# Ipad 2 cover recommendations



## Reyn (Feb 10, 2009)

I finally pulled the trigger on an ipad 2.  This is for my hubby for Christmas.  I am looking for the perfect cover for him.  I only want to buy one so I need to get this right the first time.  He will use the ipad in his Tahoe at work (police officer), in the tree stand while deer hunting, and at home.  He will use it primarily sitting in his lap.  I am leaning toward the apple cover but I am wondering if that is enough protection?  I could use that cover and drop it in a sleeve?  I guess what I am asking if you could only buy one cover what would it be?


----------



## Chad Winters (Oct 28, 2008)

Buy.com has this one on sale today. Seems to have a little more protection than the Apple one but still has the "Smart Cover"
http://www.buy.com/prod/foldable-smart-slim-case-for-ipad-2-rubberized-back-cover-black/222361700.html?listingid=146147474


----------



## Neo (Mar 30, 2009)

It's pricey, but I LOVE my Vaja... They are completely customizable in terms of color and such, even though they take a month or so to make (but you still have plenty of time for Xmas!). I have the Libretto in Olive Night and I'm very happy with it (first and last case I bought, I'm not even looking at what else is available, as this one is perfect).

http://vajacases.com/


----------



## kay_dee (May 24, 2009)

Love, love, love my Zagg Folio!

http://www.zagg.com/accessories/zaggfolio-ipad-2-keyboard-case


----------



## The Hooded Claw (Oct 12, 2009)

I have and love the Apple smart cover, and love it for the compactness and the automatic turning on and off. But it is rare for my iPad to leave my living room (occasionally I use it on a plane flight or in a hotel room during travel). I'm skeptical that your husband would be happy with the smart cover, especially for outdoor use. No protection other than to the glass. Something else that may be important to him, the back side of the iPad is designed for aesthetics rather than functionality and is slick bare metal. I'd be nervous about having it sitting in my lap up in a tree! And even in my lap in a car when I might have to get out in a hurry, I wouldn't be thrilled with the situation.

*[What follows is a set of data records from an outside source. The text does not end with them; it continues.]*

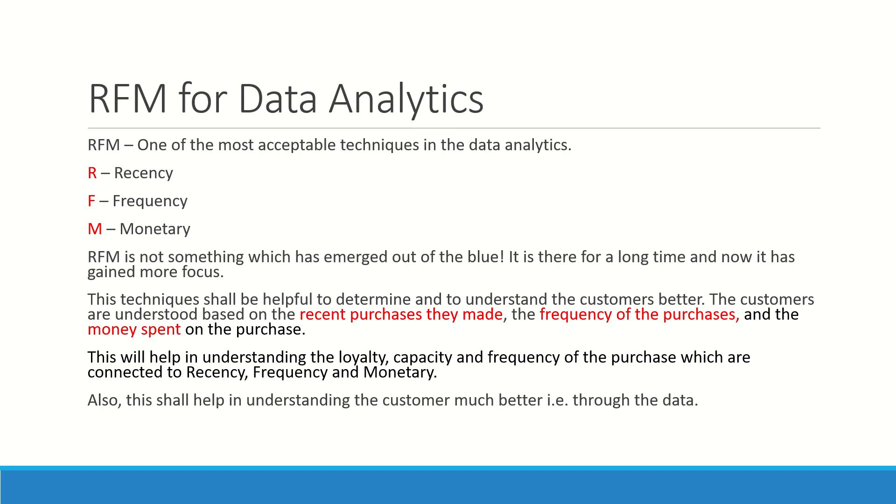This will help you in understanding how much loyal the customers are, what is the capacity of the customer, how frequently is the customer visiting, and all these details will help you in understanding your customer better to have some scheme for promoting their buying, to pay more attention to the buyer who is more loyal, who is a potential large buyer, who is a most valued customer. All these things can be clearly understood and your business can enhance better.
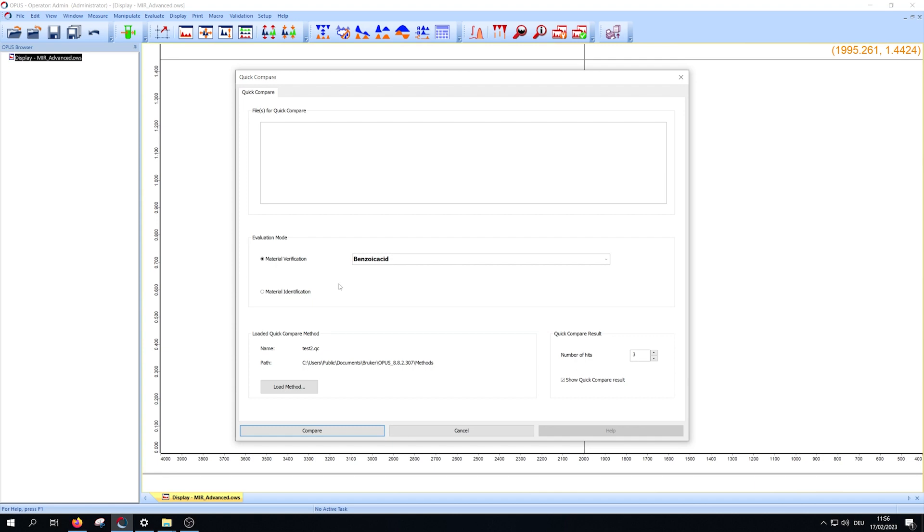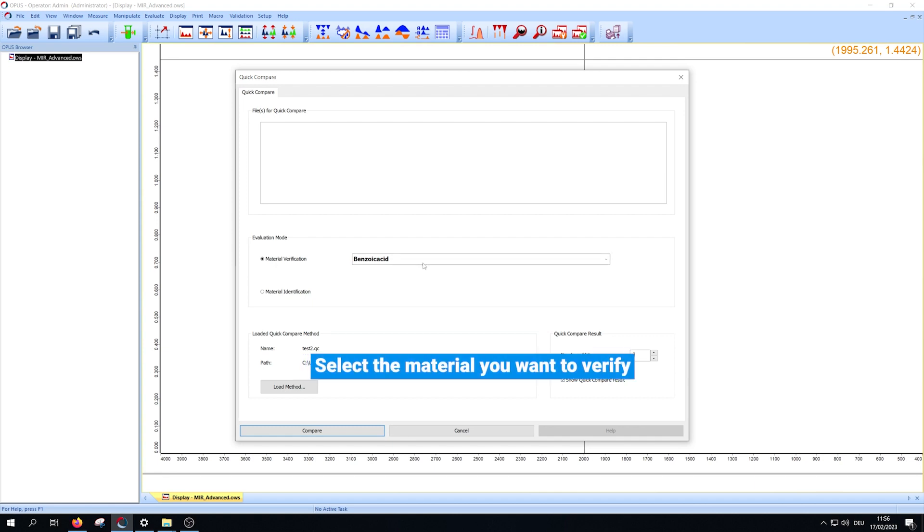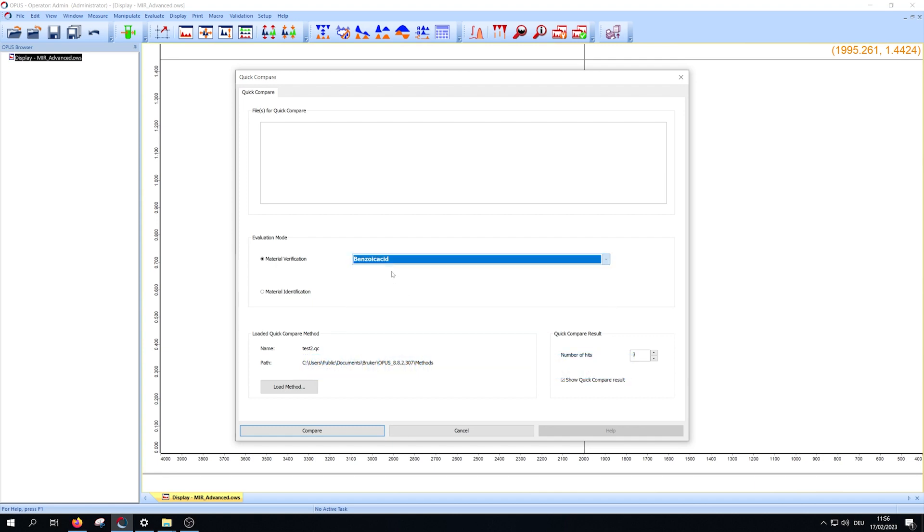If you want to verify a material, you have to select the expected one. Afterwards, just pull the spectrum you want to compare into the rectangle and press compare.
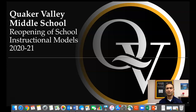Hello, Quaker Valley Middle School families. We hope everyone has been enjoying a safe and relaxing summer as we plan for a very different school opening than most of us are accustomed to. This presentation will provide you with the information and clarity around our instructional options for the school year and help you make an informed choice.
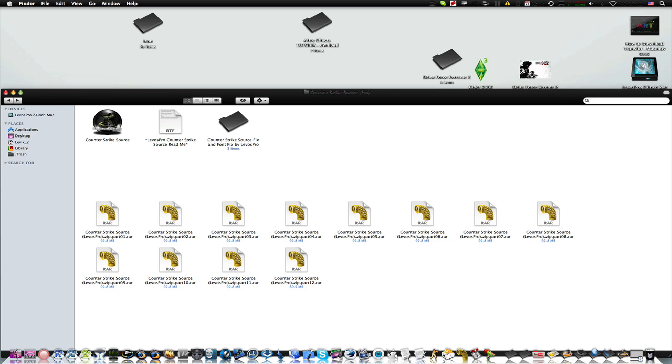So, links in the description, please comment, rate and subscribe on this video and I will see all of you next time with LabosPro.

I may be overdoing it, and it may be too much, but I'd consider an Otterbox case for your husband's situation. Here's the official website for their iPad 2 products:

http://www.otterbox.com/ipad-2-cases/ipad-2-cases,default,sc.html

You can often get Otterbox cases significantly cheaper by buying from amazon.com, such as here:

http://www.amazon.com/Otterbox-iPad-Defender-Case-NEWEST/dp/B004V9F61O/ref=sr_1_1?ie=UTF8&qid=1318048891&sr=8-1


----------



## Reyn (Feb 10, 2009)

Thank you so much for the recommendations.  You gave me a lot to think about and HC, you might be right.  I have the otterbox on my iphone 4 because I am accident prone.  I am seriously considering the otterbox now because I can see him dropping it from the tree.  Thanks for pointing that out!!


----------



## mooshie78 (Jul 15, 2010)

Yeah, otterbox is probably best for that kind of outdoor usage.

I just use a smartcover and have a neoprene netbooks sleeve I stick it in when tossing it in my bag.  But I pretty much only use mine at home, in the office/around campus, and on planes and in hotels when traveling.


----------



## ayuryogini (Jan 3, 2010)

Neo said:


> It's pricey, but I LOVE my Vaja... They are completely customizable in terms of color and such, even though they take a month or so to make (but you still have plenty of time for Xmas!). .......I'm not even looking at what else is available, as this one is perfect.
> 
> http://vajacases.com/


I'm with *Neo*, I absolutely love my Vaja case; it is perfect in every way.

I can imagine though that it might not be enough for rugged outdoor protection; however, keep in mind the Smart Cover is very little protection at all; I'm glad some like it, but I absolutely hated every thing about mine except the color (pink, otherwise, I'd offer it to you at a discount if you wanted it.) The Smart Cover kept popping off when I was using it.

Here is a link to a PC World article on  Cases that Drop Proof your iPad. You also might want to check out a Square Trade Warranty.

Let us know what you decide.


----------